Author: Kimberly Chan, Anke Henning, Mahrshi Jani, Andrew Wright, Xinyu Zhang 👨🔬
Affiliation: Advanced Imaging Research Center (AIRC), UT Southwestern Medical Center 🌍
Purpose: To evaluate the performance of multiple deep learning architectures for MRSI reconstruction and determine their effectiveness in maintaining high-resolution metabolite mapping while reducing scan times.
Methods: Data were acquired from a healthy volunteer on a 7T Philips DSync MRI system with a 2-channel transmit/32-channel receive head coil. Fully sampled 2D 1H FID MRSI data were collected with FoV = 220 × 220 mm, TE = 1.2 ms, TR = 320 ms, flip angle = 33°, acquisition time = 256 ms, spectral bandwidth = 4000 Hz, spatial resolution = 4.4 × 4.4 × 12 mm, and a 50 × 50 voxel matrix. A GRE anatomical image (256 × 256 × 4) was acquired to generate 20 semi-synthetic training datasets. Neural networks (MLP, CNN1, CNN2, U-Net1, U-Net2, U-Net16, U-Net++, Attention U-Net, Residual U-Net) were trained to predict missing k-space data using anatomical images, with the Adam optimizer, a batch size of 1024, and OneCycle policy.
Results: U-Net2 achieved the highest creatine SNR (19.41 ± 7.13) for 2x accelerated GRAPPA
1H MRSI reconstruction, closely matching the ground truth (22.19 ± 8.16) with a training time of 44 minutes on BioHPC (cloud-based high-performance computing resource).

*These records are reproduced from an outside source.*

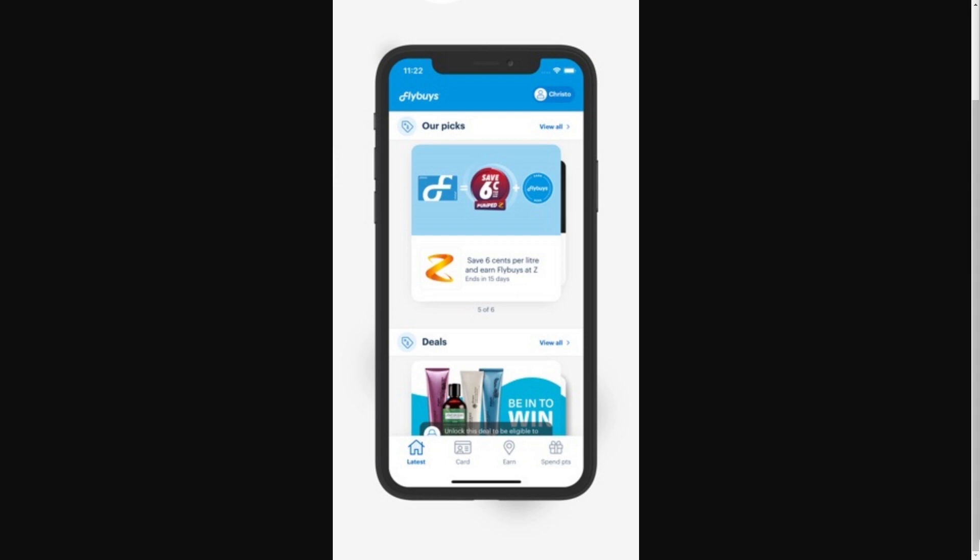In order to add our Flybuys card to our Apple Wallet, we must first go onto the Flybuys app. Once you're on this app, you want to make sure you are logged into your account, and you can check that by looking for your name in the top right corner.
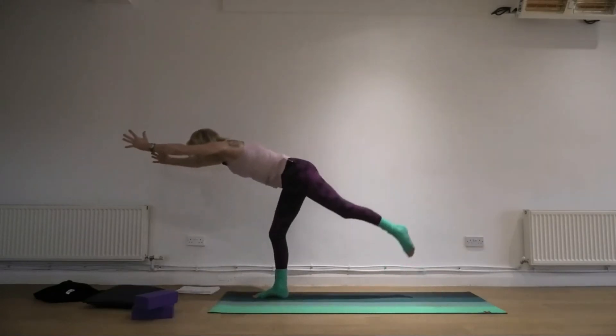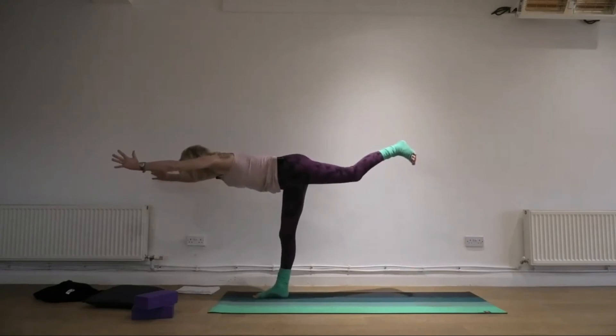Take your weight into your right leg. Float your left leg up behind you.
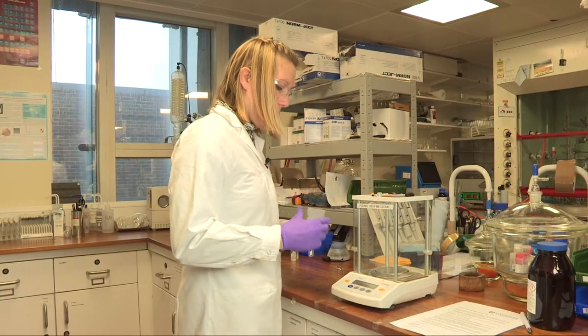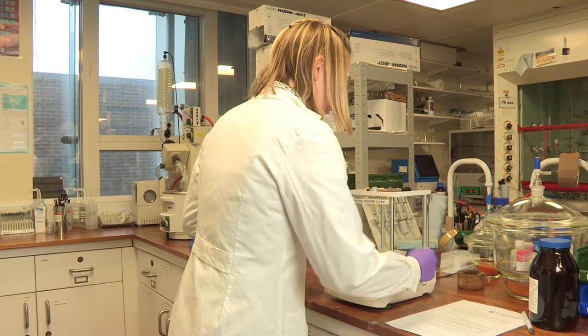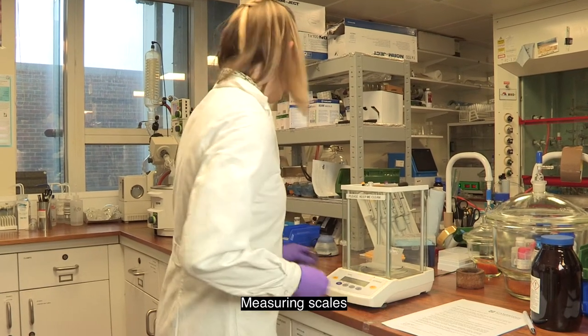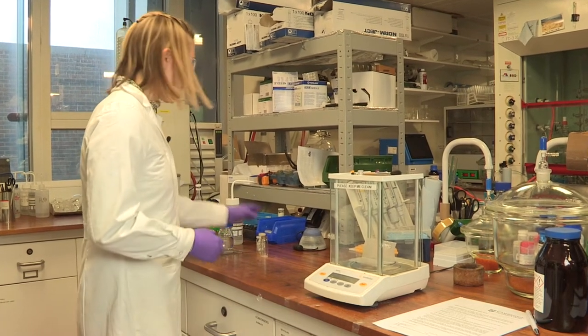Right now I am just going to weigh my photocatalyst. A scale is definitely one of the most common equipment you'll see in any sort of lab — always useful.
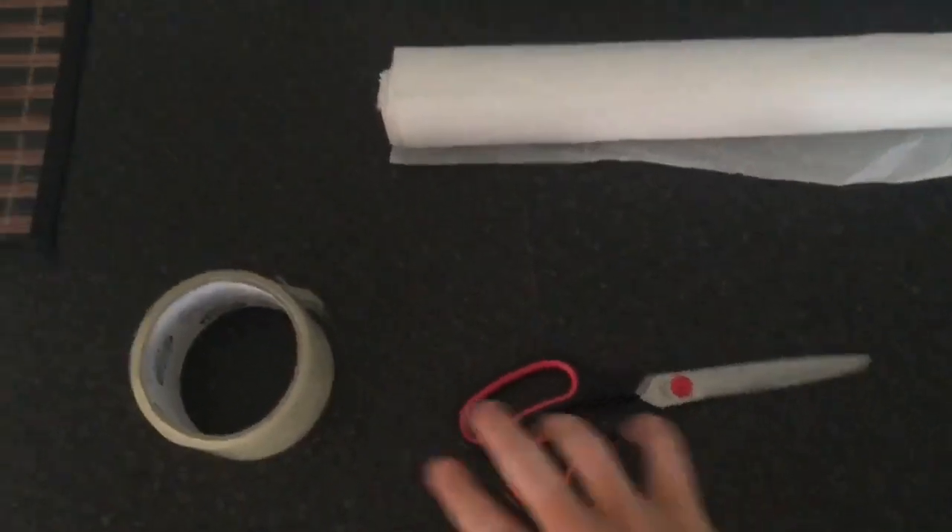Sorry I haven't been posting in a while — it's been like three or four weeks because I've been busy, I've been camping, I went to camp, just a lot of things. I did change my channel name to Sadie Lee because that's my middle name and I thought it was more aesthetic.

Across acceleration rates (R = 2 to 9), U-Net2 maintained high SNR at lower rates but faced challenges with lipid aliasing at higher rates. At 5x acceleration, reconstructions preserved peak intensity and low noise levels, while metabolite maps demonstrated strong similarity to fully sampled data.

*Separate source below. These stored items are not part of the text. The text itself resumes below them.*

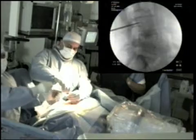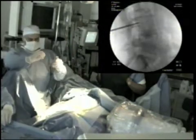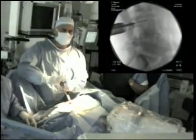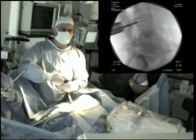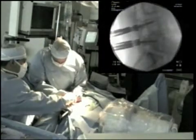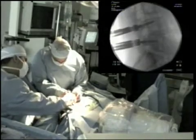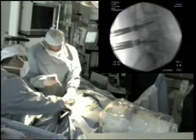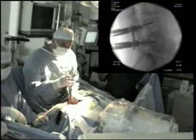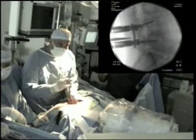Once the intervertebral mesh cage has been inserted, pedicle screws are placed through the pedicles, in this case at the L4 and L5 levels. A percutaneous K-wire guided system is used for insertion of cannulated pedicle screws. Fluoroscopic guidance is again critical in optimising the position of the screws.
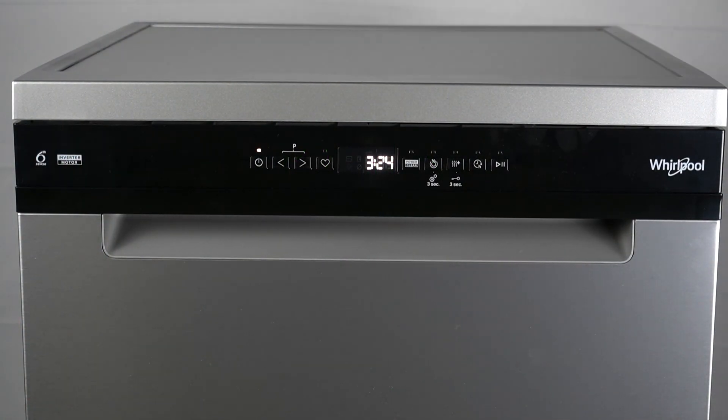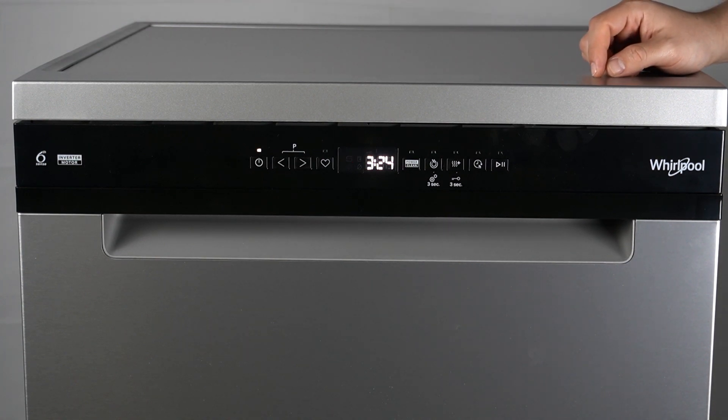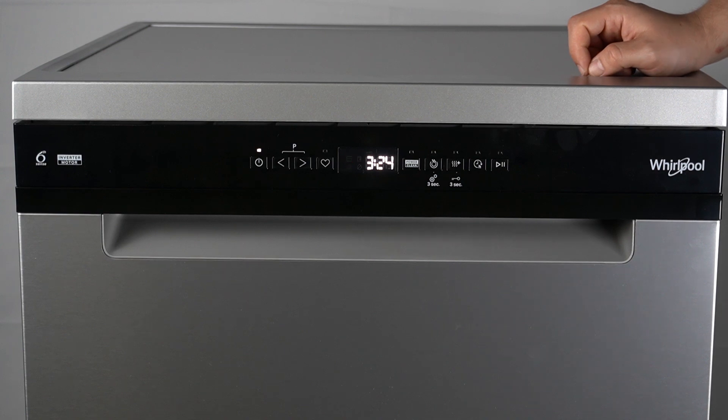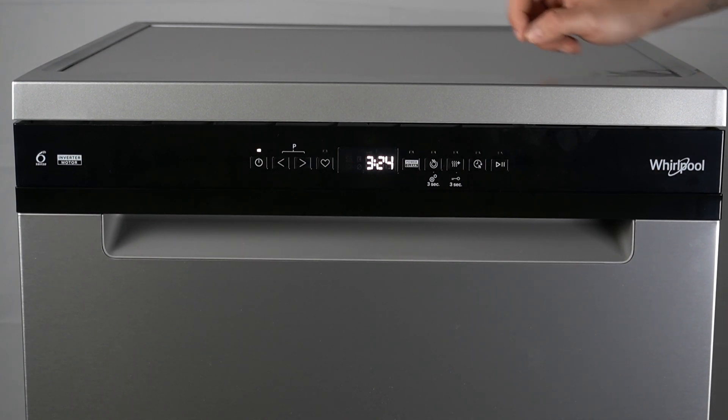If you're turning on this device for the first time, in the first step switch on the appliance by pressing the on/off button. After that, hold the settings half load button for 3 seconds.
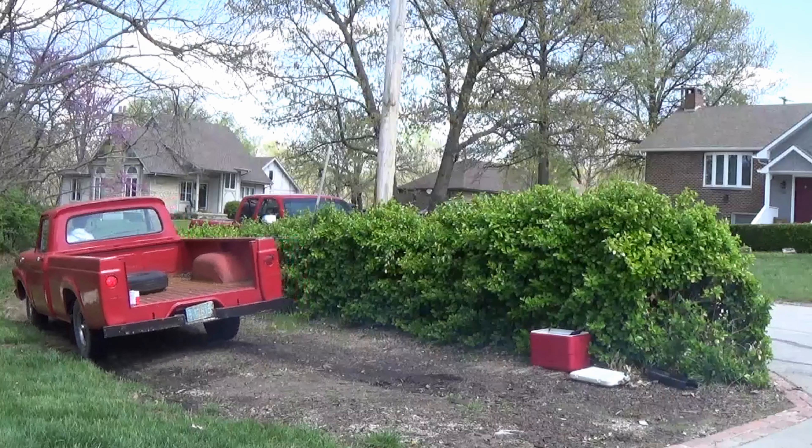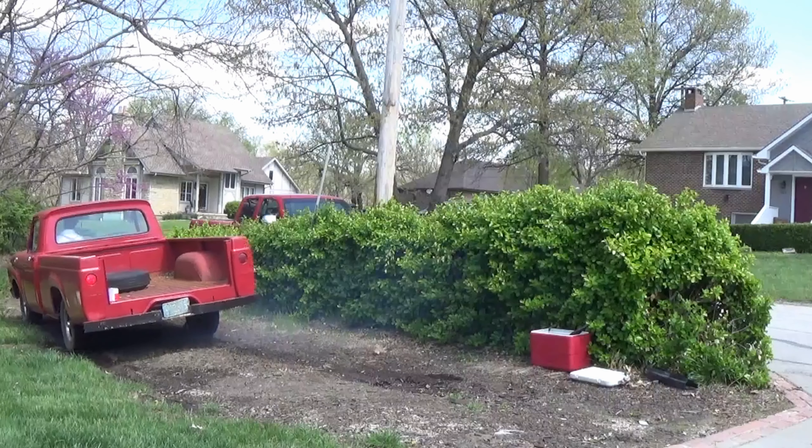All right guys, back — we got all the stuff here. I'm gonna pull the truck out and clean out the bed.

Conclusion: This study demonstrates the effectiveness of U-Net-based models for accelerated MRSI reconstruction, with U-Net2 achieving high SNR while balancing quality and computational efficiency at lower acceleration factors. Simpler models, though computationally efficient, fall short in delivering the high-fidelity reconstructions required for clinical use. The findings underscore the trade-offs between speed and quality, offering valuable insights for optimizing MRSI reconstruction in clinical applications.